* _Provided material_
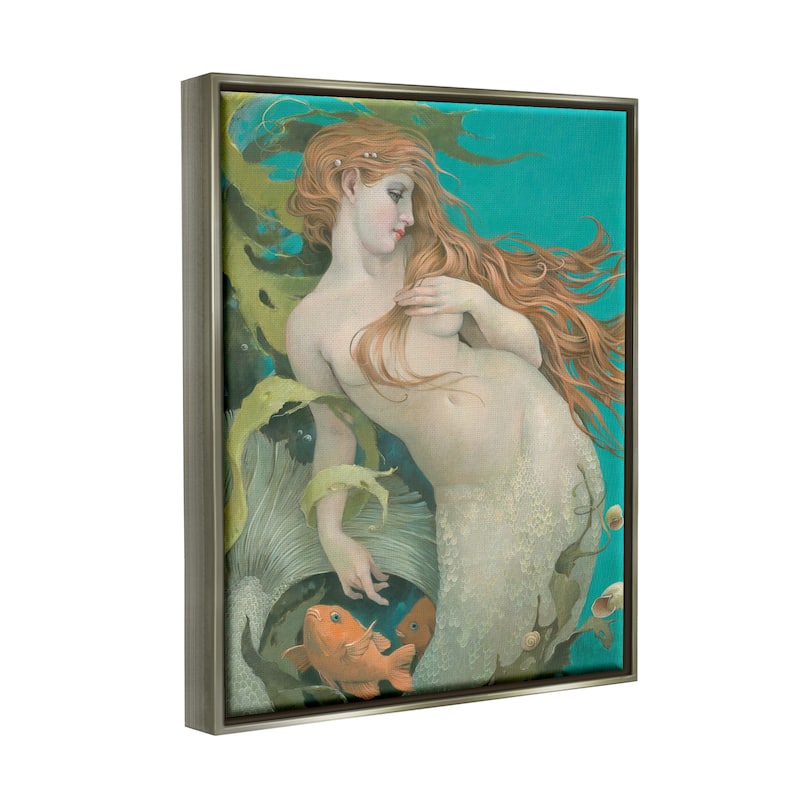 Stupell Mermaid & Fish Underwater Framed Floater Canvas Wall Art Design by Christina P. Wyatt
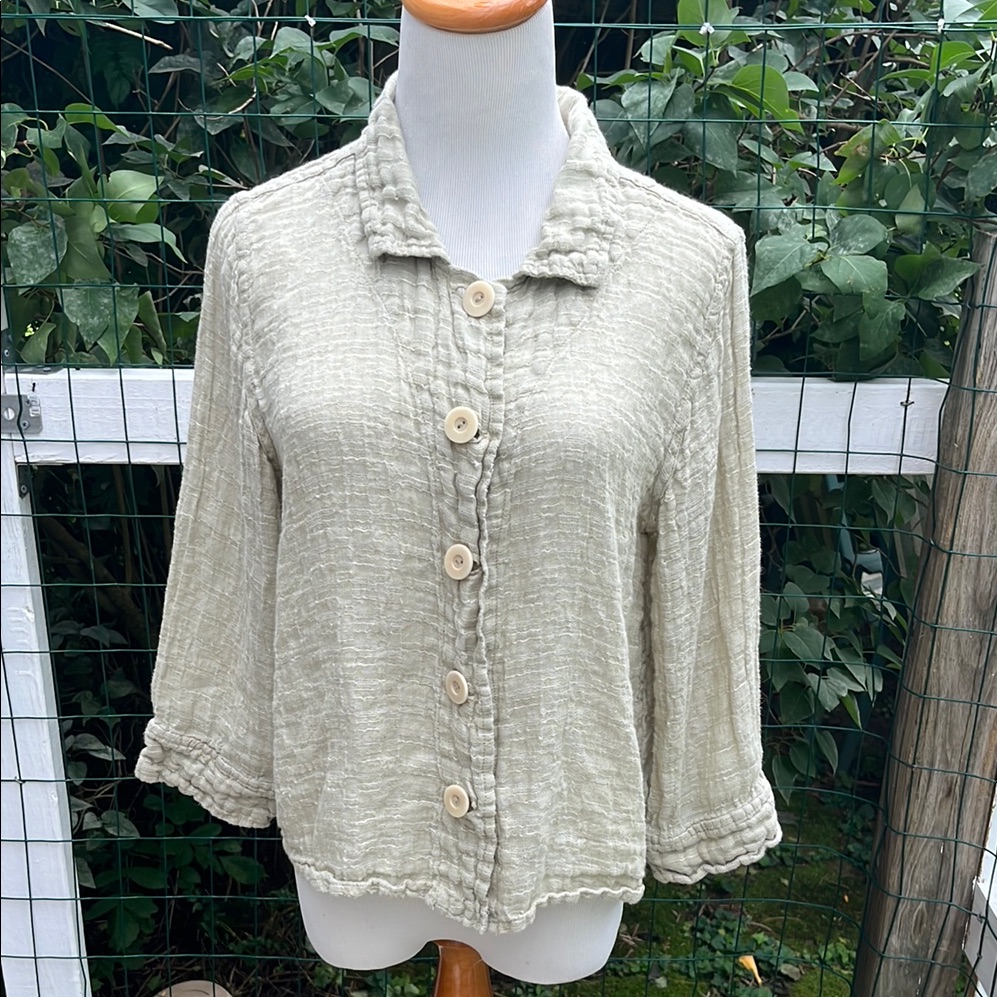 Flax Linen Blouse/Jacket Button Down Light Sage Green Size Small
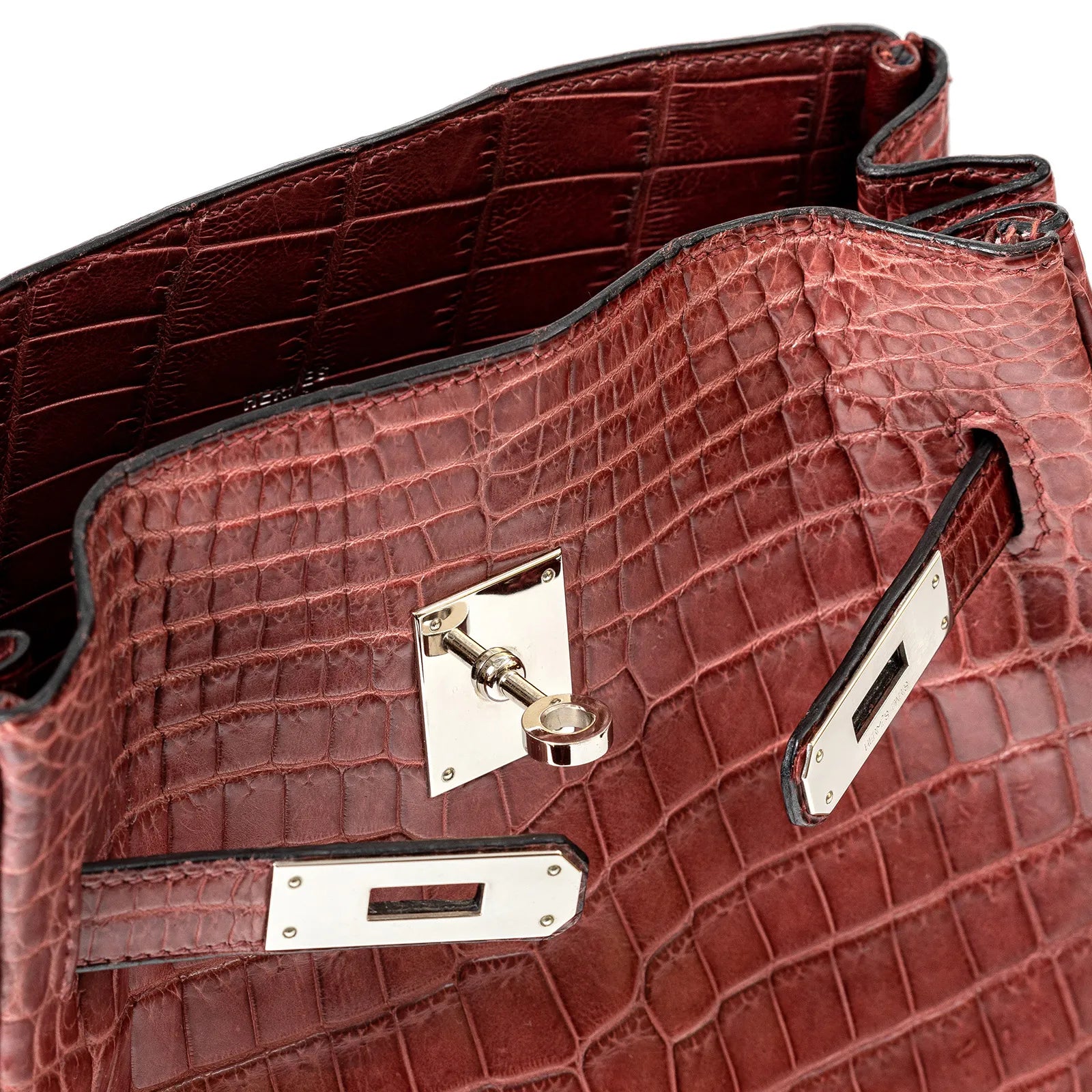 Hermès Kelly Sport 24 Matte Niloticus Crocodile Rose Palladium Hardware - Image 9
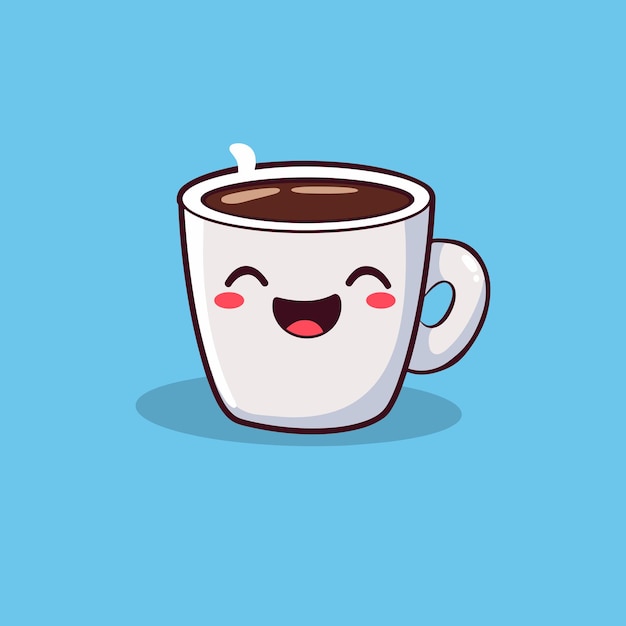 Vector lindo kawaii sonriendo taza de café personaje de dibujos animados ilustración vectorial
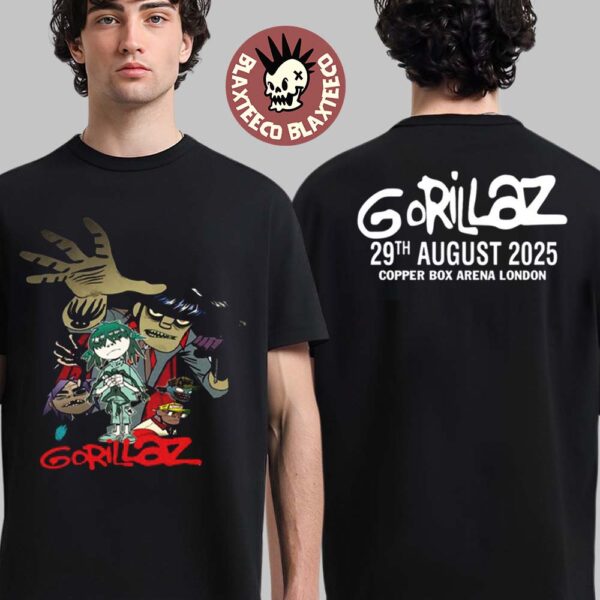 Gorillaz Debut Album Performed In Full Live In London UK At Copper Box London On August 29 2025 Two Sided T-Shirt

* _Instructions for the task_
An exact copy of every entry above is needed, minus the pictures.

* _Your response_
 Stupell Mermaid & Fish Underwater Framed Floater Canvas Wall Art Design by Christina P. Wyatt
 Flax Linen Blouse/Jacket Button Down Light Sage Green Size Small
 Hermès Kelly Sport 24 Matte Niloticus Crocodile Rose Palladium Hardware - Image 9
 Vector lindo kawaii sonriendo taza de café personaje de dibujos animados ilustración vectorial
 Gorillaz Debut Album Performed In Full Live In London UK At Copper Box London On August 29 2025 Two Sided T-Shirt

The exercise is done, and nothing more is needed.